— Extracted material —
● ● ● ● ● ● ●
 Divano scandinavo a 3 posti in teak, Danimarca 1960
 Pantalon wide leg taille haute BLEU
● ● ● ● ● ● ●
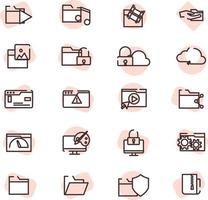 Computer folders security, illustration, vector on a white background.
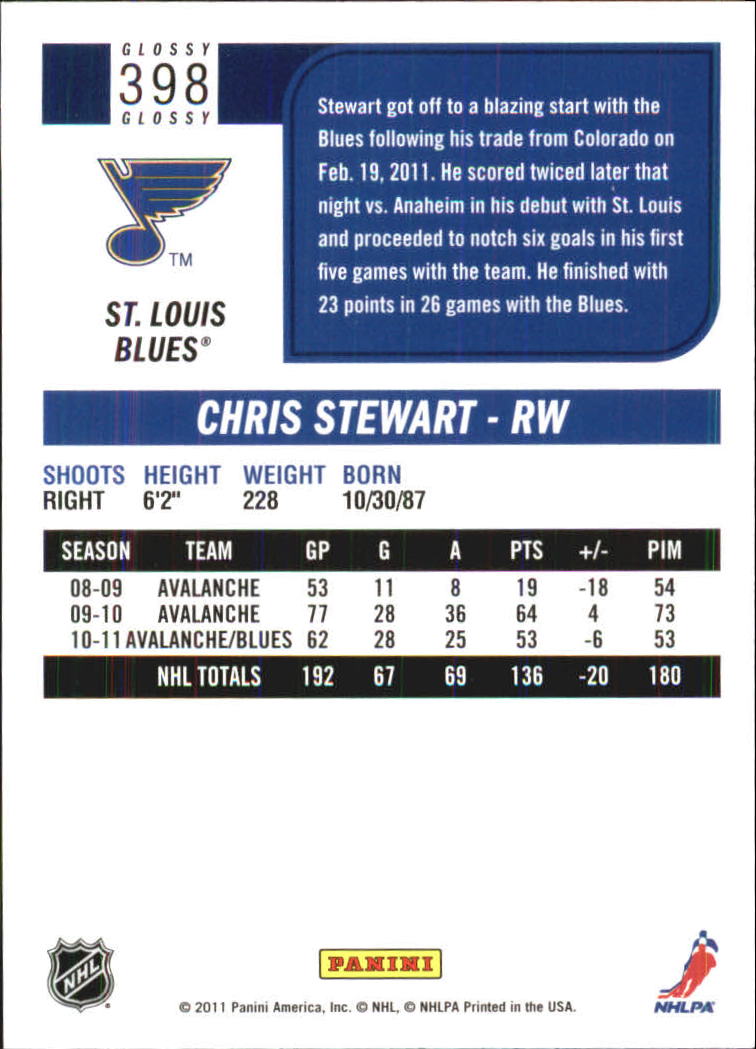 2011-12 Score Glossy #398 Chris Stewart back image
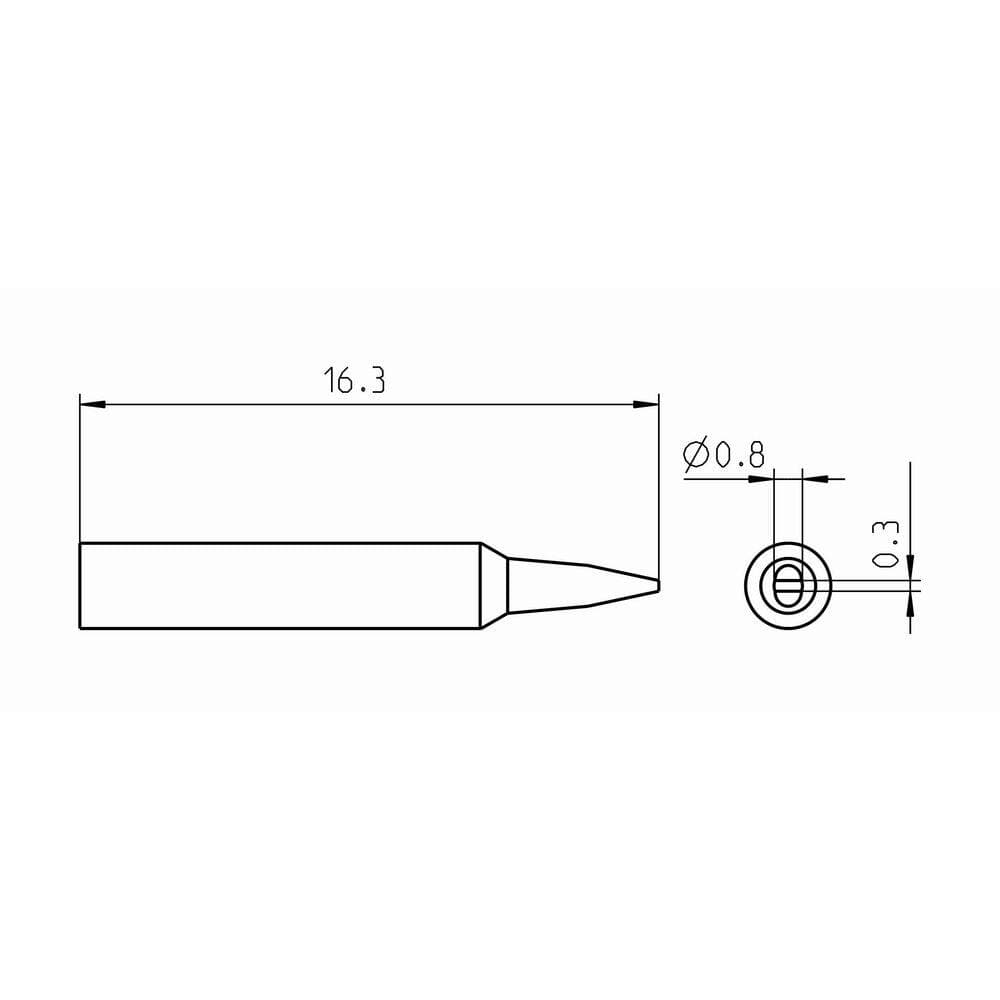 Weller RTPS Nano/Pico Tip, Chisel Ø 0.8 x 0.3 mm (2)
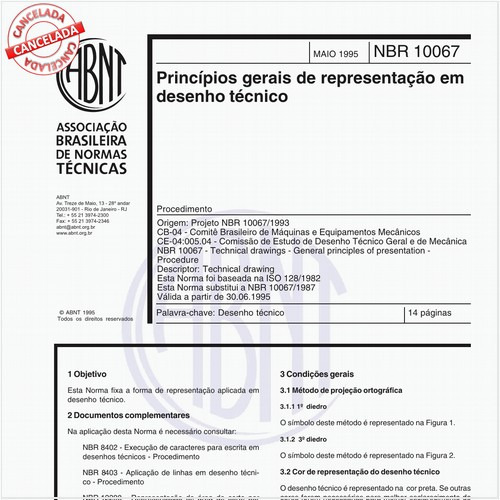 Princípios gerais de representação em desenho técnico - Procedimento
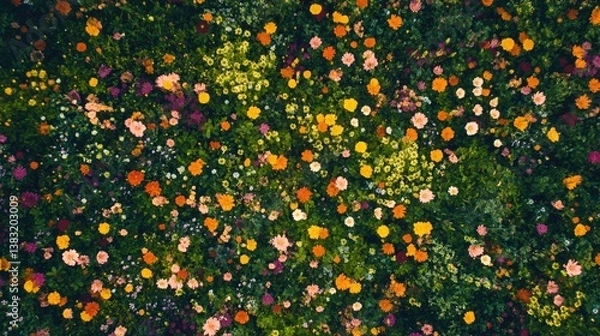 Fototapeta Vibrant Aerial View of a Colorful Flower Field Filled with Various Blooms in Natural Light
● ● ● ● ● ● ●
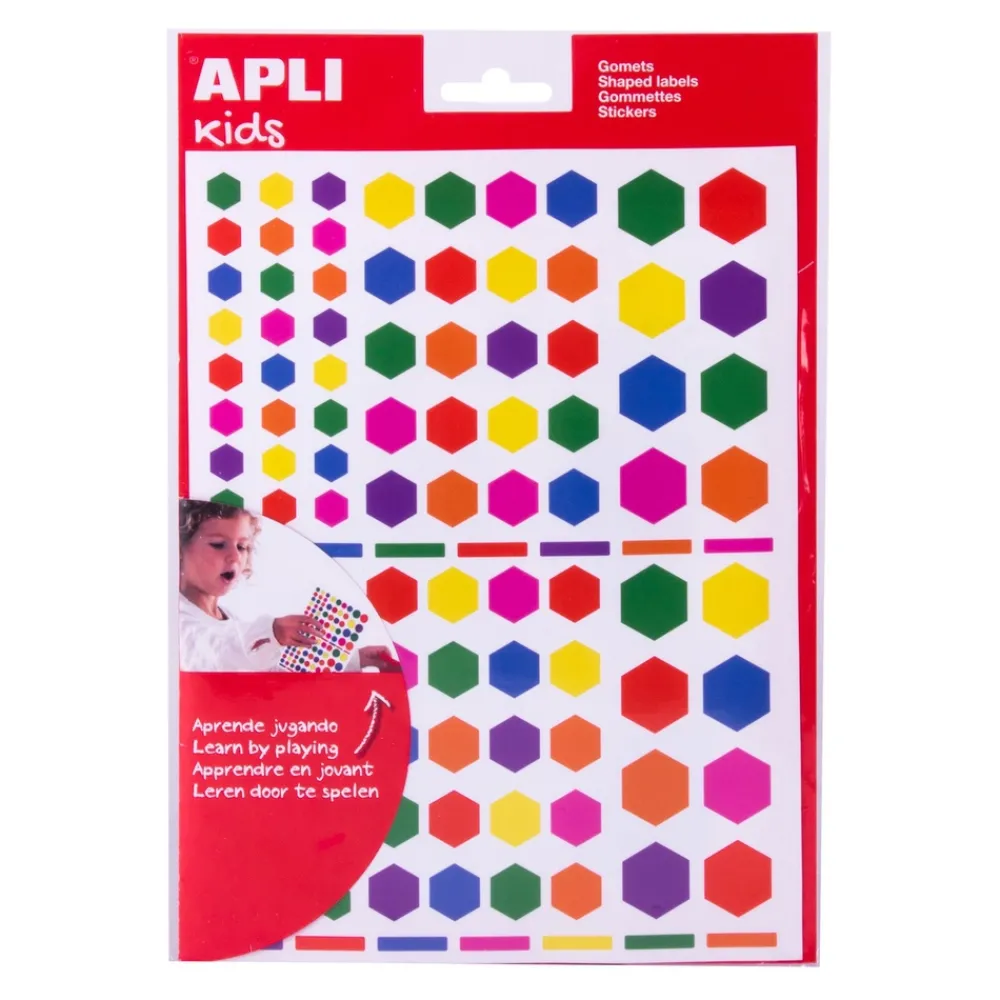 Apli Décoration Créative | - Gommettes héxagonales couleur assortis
● ● ● ● ● ● ●
Starting with the line above that holds "Computer folders security, illustration, vector", restate each line word for word up to and including the line that holds "Fototapeta Vibrant Aerial". Drop the pictures.

 Computer folders security, illustration, vector on a white background.
 2011-12 Score Glossy #398 Chris Stewart back image
 Weller RTPS Nano/Pico Tip, Chisel Ø 0.8 x 0.3 mm (2)
 Princípios gerais de representação em desenho técnico - Procedimento
 Fototapeta Vibrant Aerial View of a Colorful Flower Field Filled with Various Blooms in Natural Light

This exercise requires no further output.